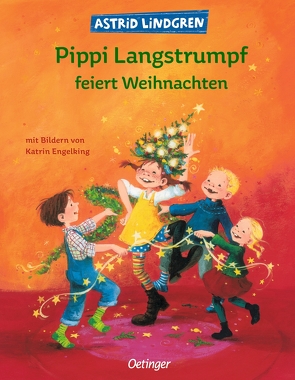 Pippi Langstrumpf feiert Weihnachten von Engelking,  Katrin, Kutsch,  Angelika, Lindgren,  Astrid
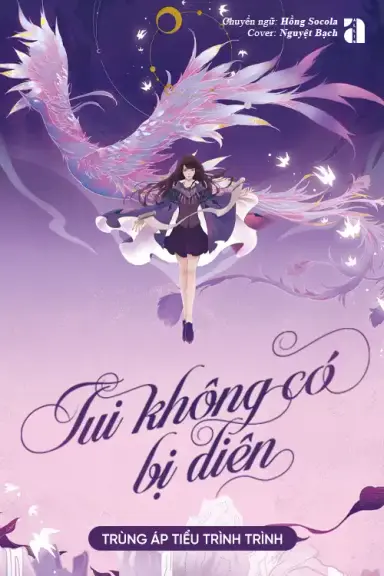 Tui Không Có Bị Điên - Trùng Áp Tiểu Trình Trình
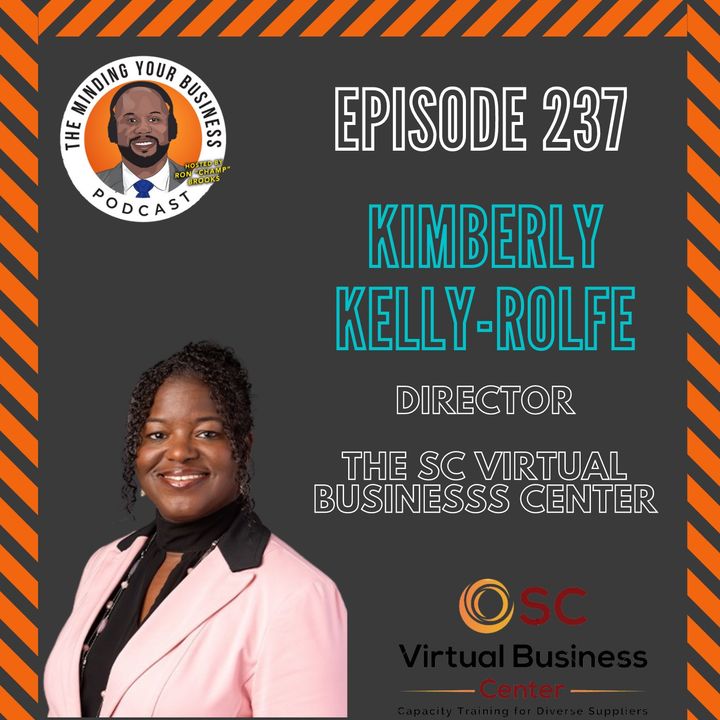 #237 - Kimberly Rolfe, Director of the SC Virtual Business Center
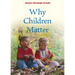 Why Children Matter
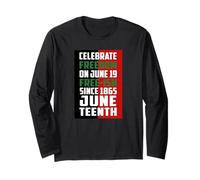 Juneteenth Melanin Free ish Since 1865 Black Pride Long Sleeve T-Shirt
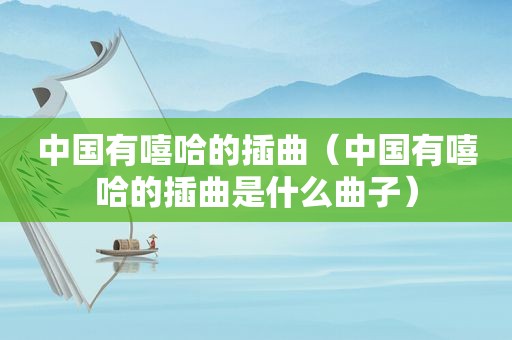 中国有嘻哈的插曲（中国有嘻哈的插曲是什么曲子）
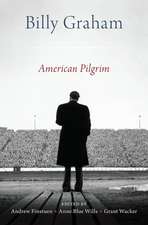 Billy Graham: American Pilgrim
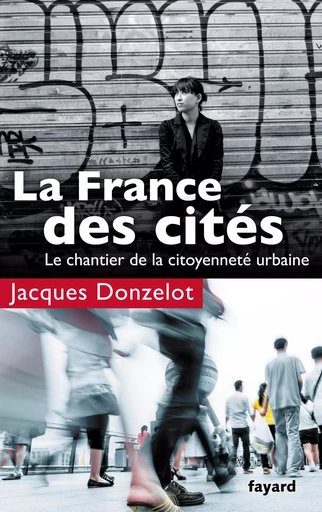 La France des cités - Jacques Donzelot - FAYARD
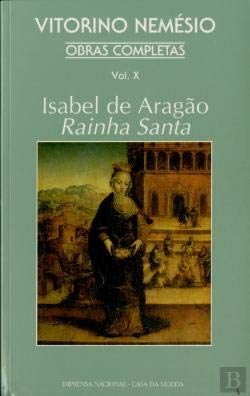 Isabel de Aragao, Rainha Santa (Biblioteca de autores portugueses) (Portuguese Edition) book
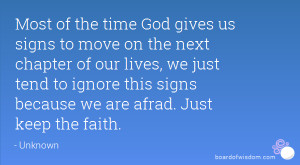Most of the time God gives us signs to move on the next chapter of our ...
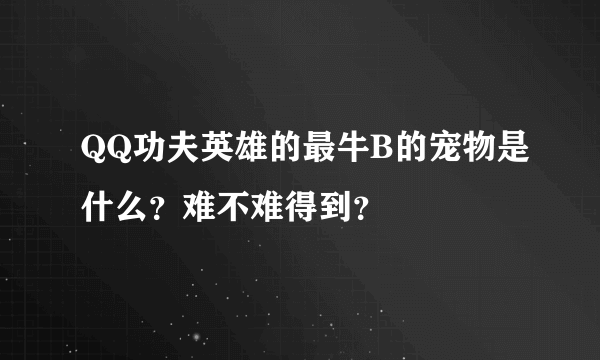 QQ功夫英雄的最牛B的宠物是什么？难不难得到？
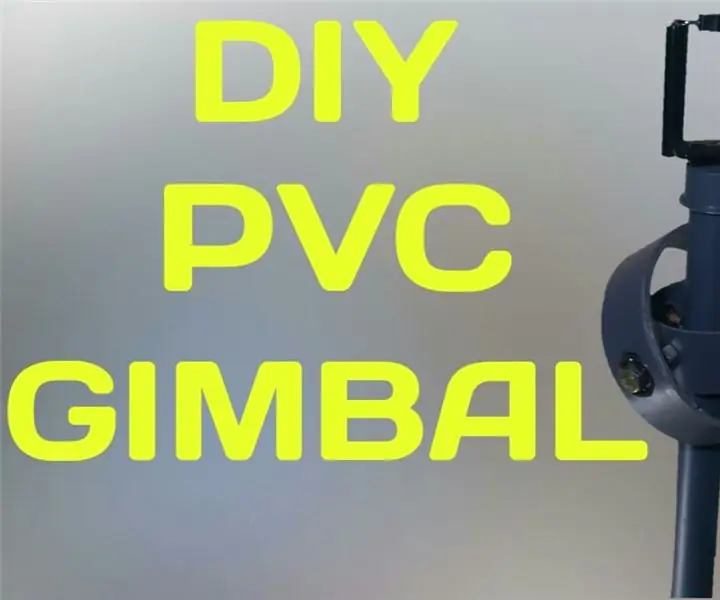 Cách làm Gimbal bằng nhựa pvc: 7 bước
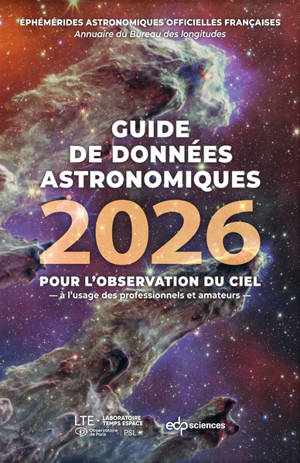 Guide de données astronomiques 2026 : pour l'observation du ciel, à l'usage des professionnels et amateurs : annuaire du Bureau des longitudes, éphémérides astronomiques officielles françaises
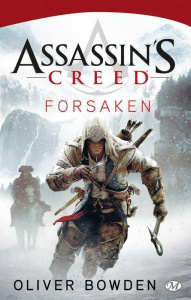 Assassin's Creed Tome 5 : Forsaken - Bowden Oliver ; Jouanneau Claire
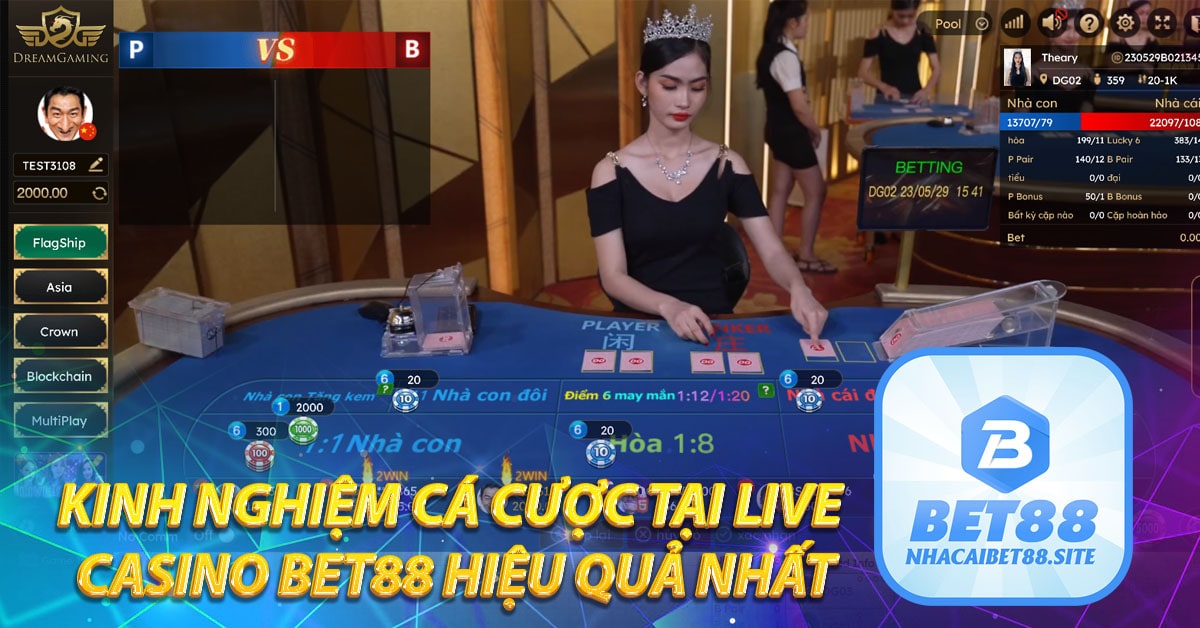 Kinh nghiệm cá cược tại Live Casino BET88 hiệu quả nhất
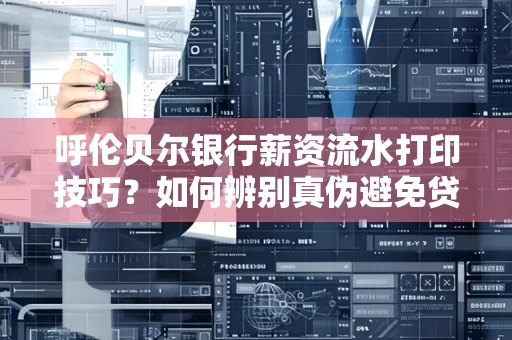 呼伦贝尔银行薪资流水打印技巧?如何辨别真伪避免贷款风险?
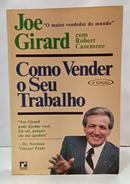 COMO VENDER O SEU TRABALHO-JOE GIRARD / ROBERT CASEMORE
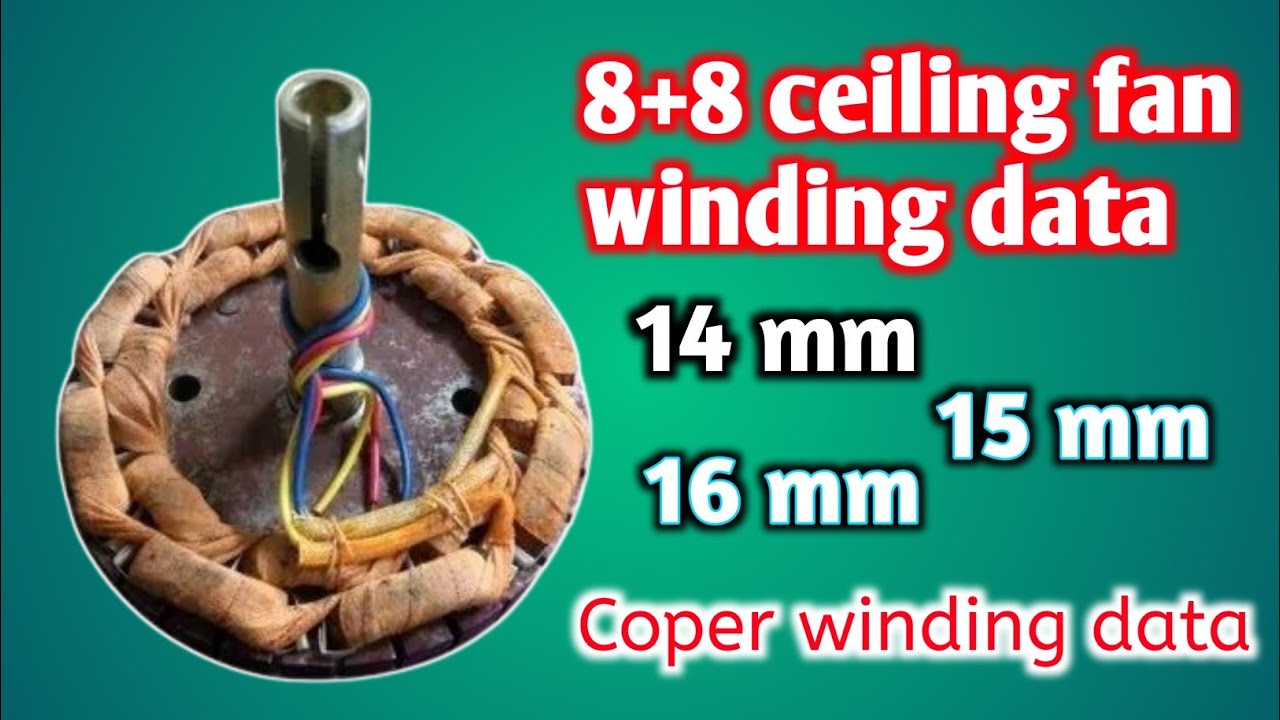 8+8 coil ceiling fan winding data / ravi high speed ceiling fan winding data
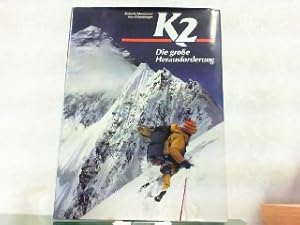 K2 - Die große Herausforderung.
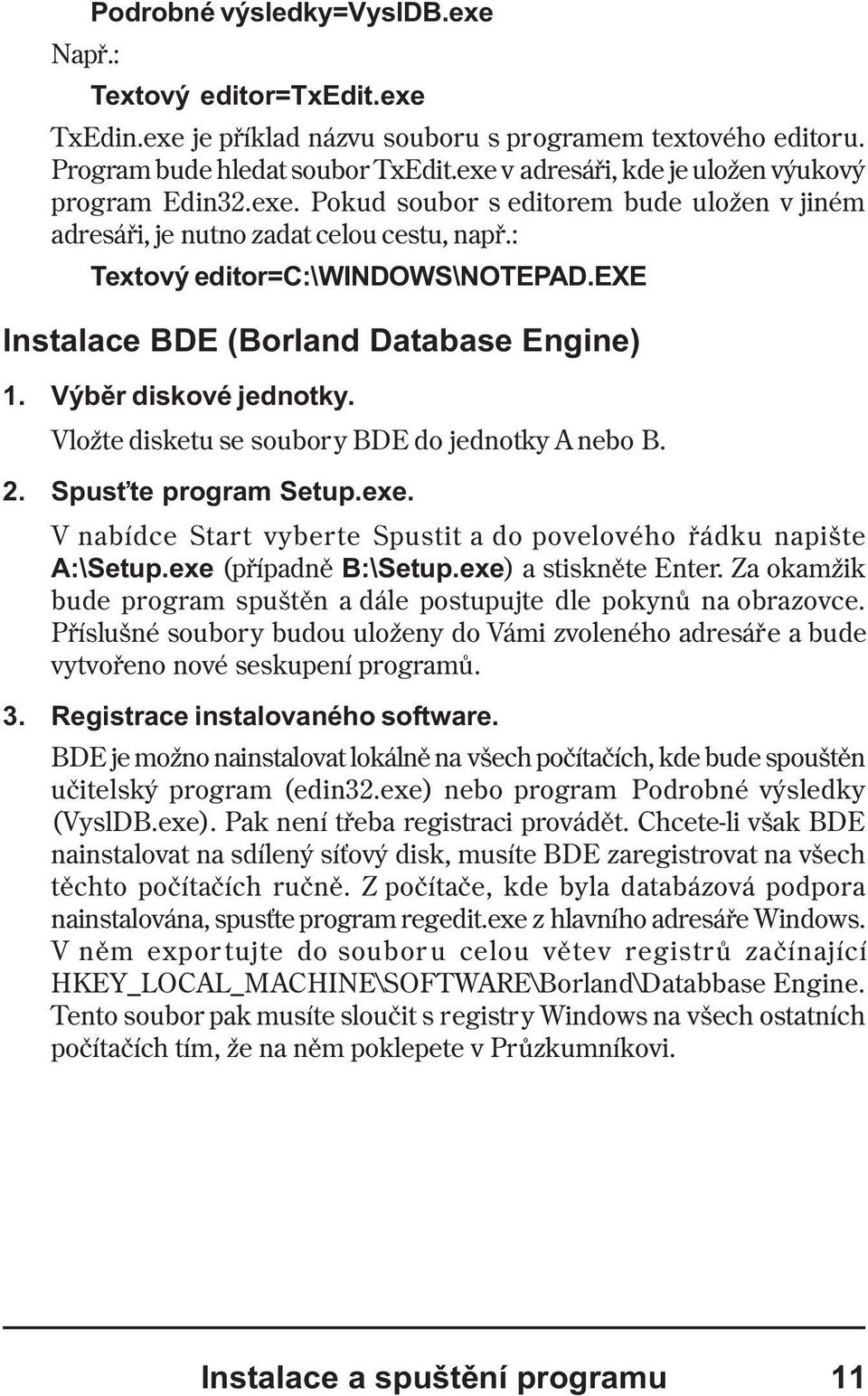 exe Instalace BDE (Borland Database Engine) 1. Výbìr diskové jednotky. Vložte disketu se soubory BDE do jednotky A nebo B. 2. Spus te program Setup.exe. V nabídce Start vyberte Spustit a do povelového øádku napište A:\Setup.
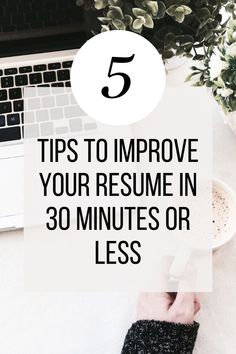 a person's hand on top of a desk next to a laptop with the title 5 tips to improve your resume in 30 minutes or less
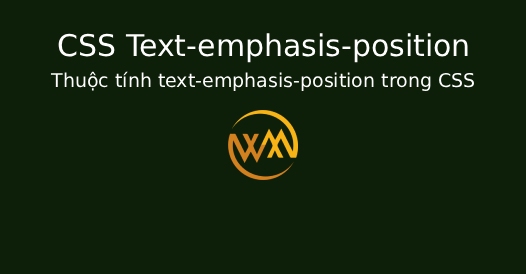 Thuộc tính text-emphasis-position trong CSS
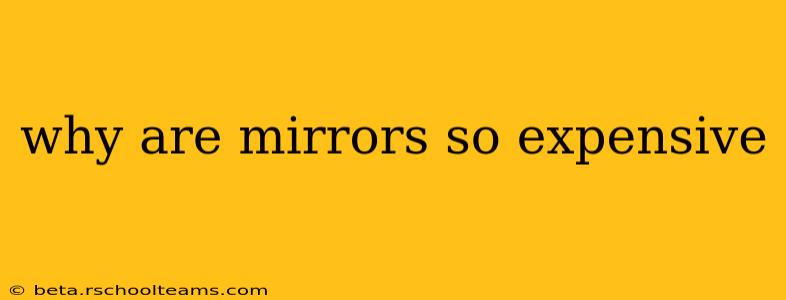 why are mirrors so expensive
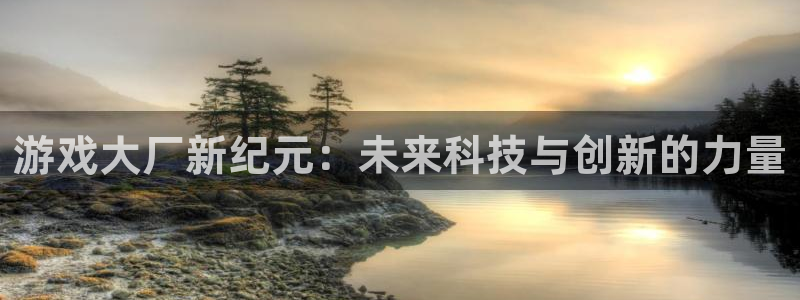 优贝娱乐直属：游戏大厂新纪元：未来科技与创新的力量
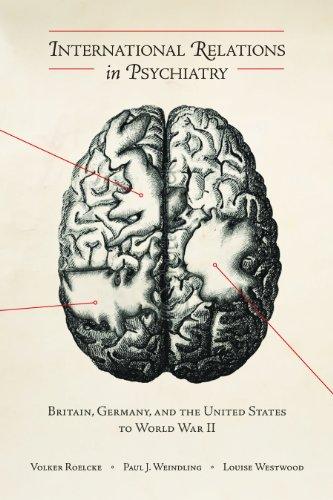 International Relations in Psychiatry: Britain, Germany, and the United States to World War II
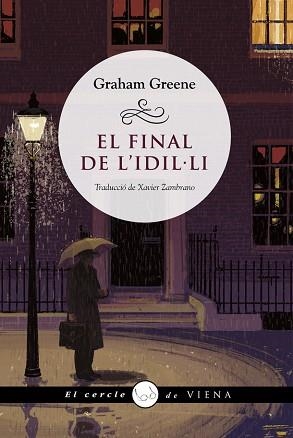 FINAL DE L'IDIL·LI | 9788418908385 | GREENE, GRAHAM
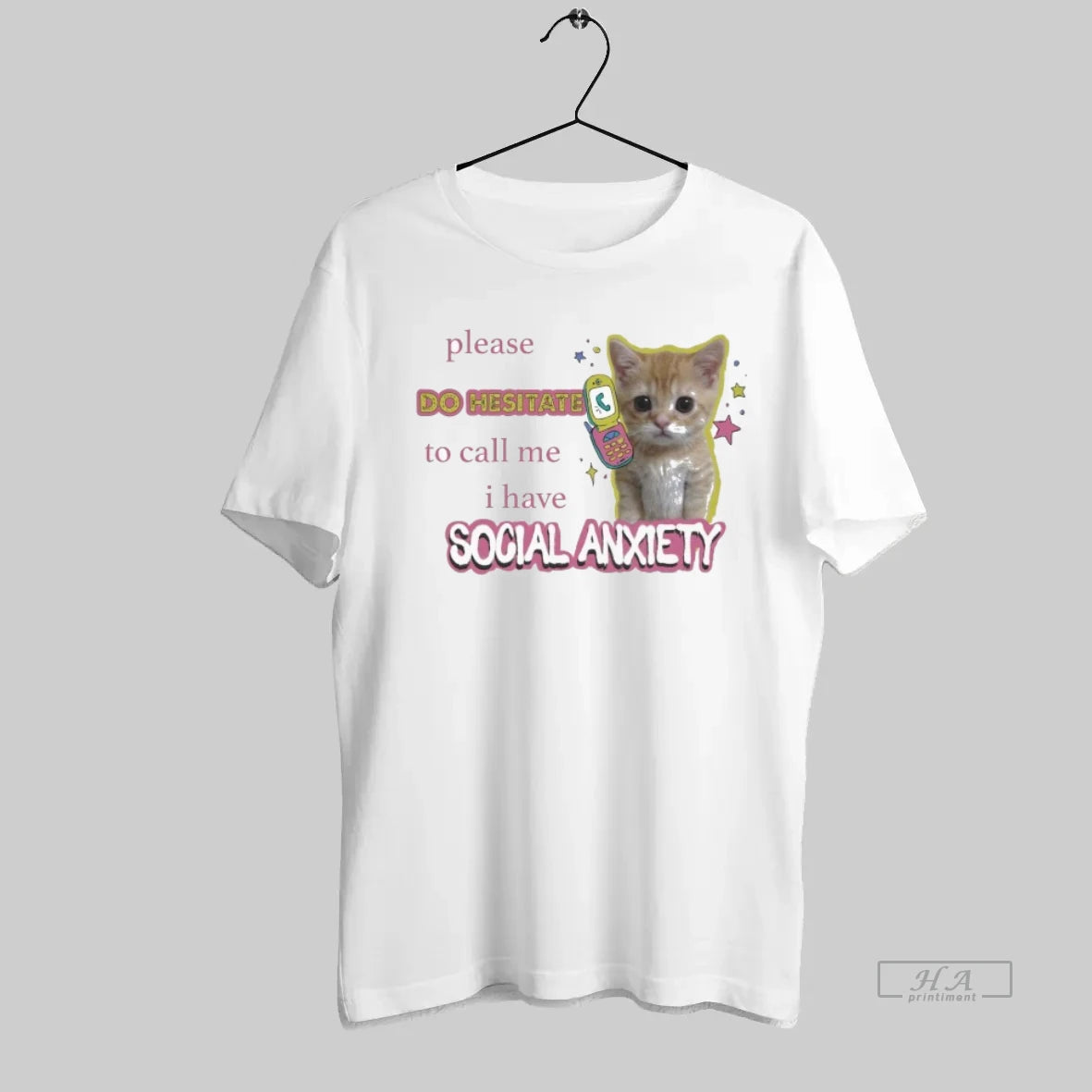 Official Please Do Hesitate To Call Me I Have Social Anxiety Cat - clothing by TeeHivey.com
---------------
## Exercise prompt
Lines from the one with "International Relations in" through the final line of the records are the whole answer; print them exactly, minus any pictures.

## Solution for this task
 International Relations in Psychiatry: Britain, Germany, and the United States to World War II
 FINAL DE L'IDIL·LI | 9788418908385 | GREENE, GRAHAM
 Official Please Do Hesitate To Call Me I Have Social Anxiety Cat - clothing by TeeHivey.com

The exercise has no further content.